**EXTRACTED ENTRIES:**

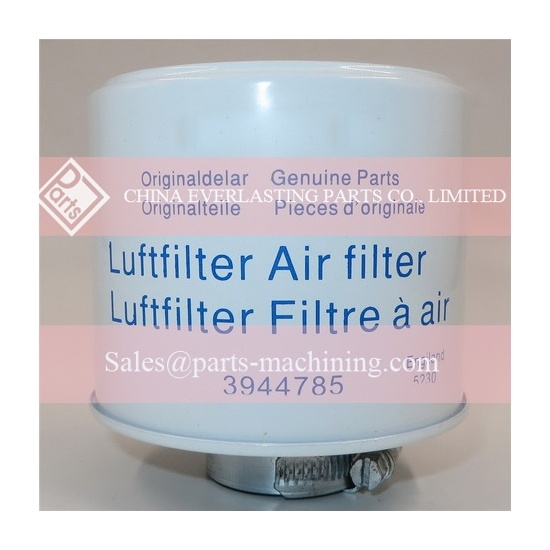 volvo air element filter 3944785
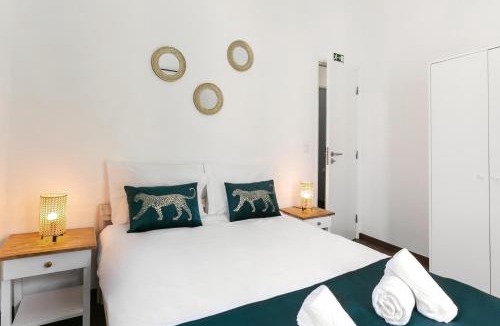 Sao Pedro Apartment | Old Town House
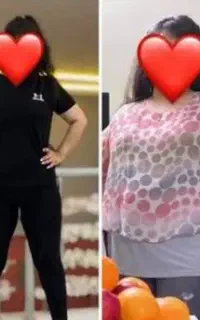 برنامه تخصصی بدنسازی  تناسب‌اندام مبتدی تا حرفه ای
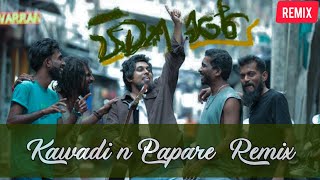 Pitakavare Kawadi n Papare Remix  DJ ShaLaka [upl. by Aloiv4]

==

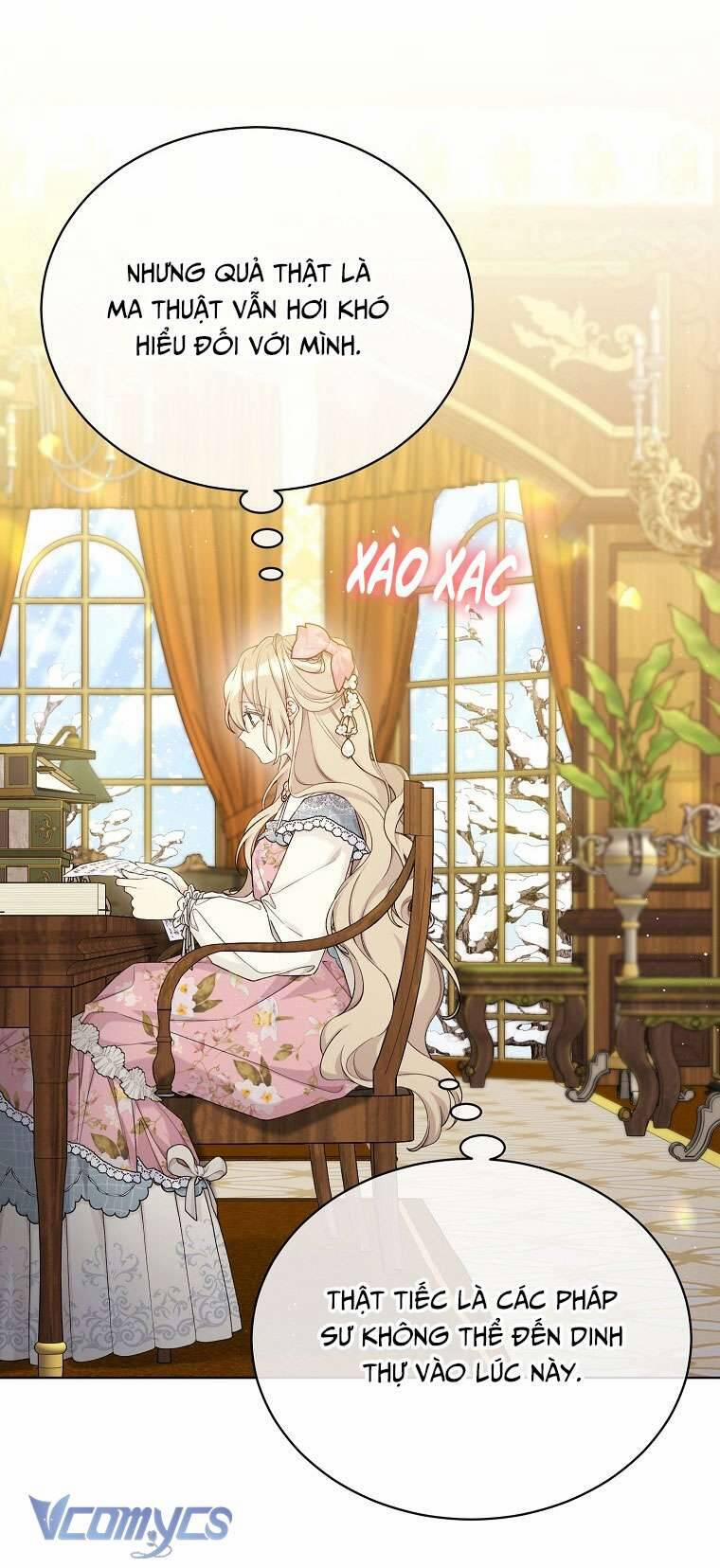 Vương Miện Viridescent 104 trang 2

**WHAT YOU WILL DO:** Please set down, exactly and with no pictures, the lines in the entries above starting at the one holding "volvo air element filter 3944785" and ending at the one holding "Pitakavare Kawadi n", ends included.

**TASK ANSWER:**
 volvo air element filter 3944785
 Sao Pedro Apartment | Old Town House
 برنامه تخصصی بدنسازی  تناسب‌اندام مبتدی تا حرفه ای
 Pitakavare Kawadi n Papare Remix  DJ ShaLaka [upl. by Aloiv4]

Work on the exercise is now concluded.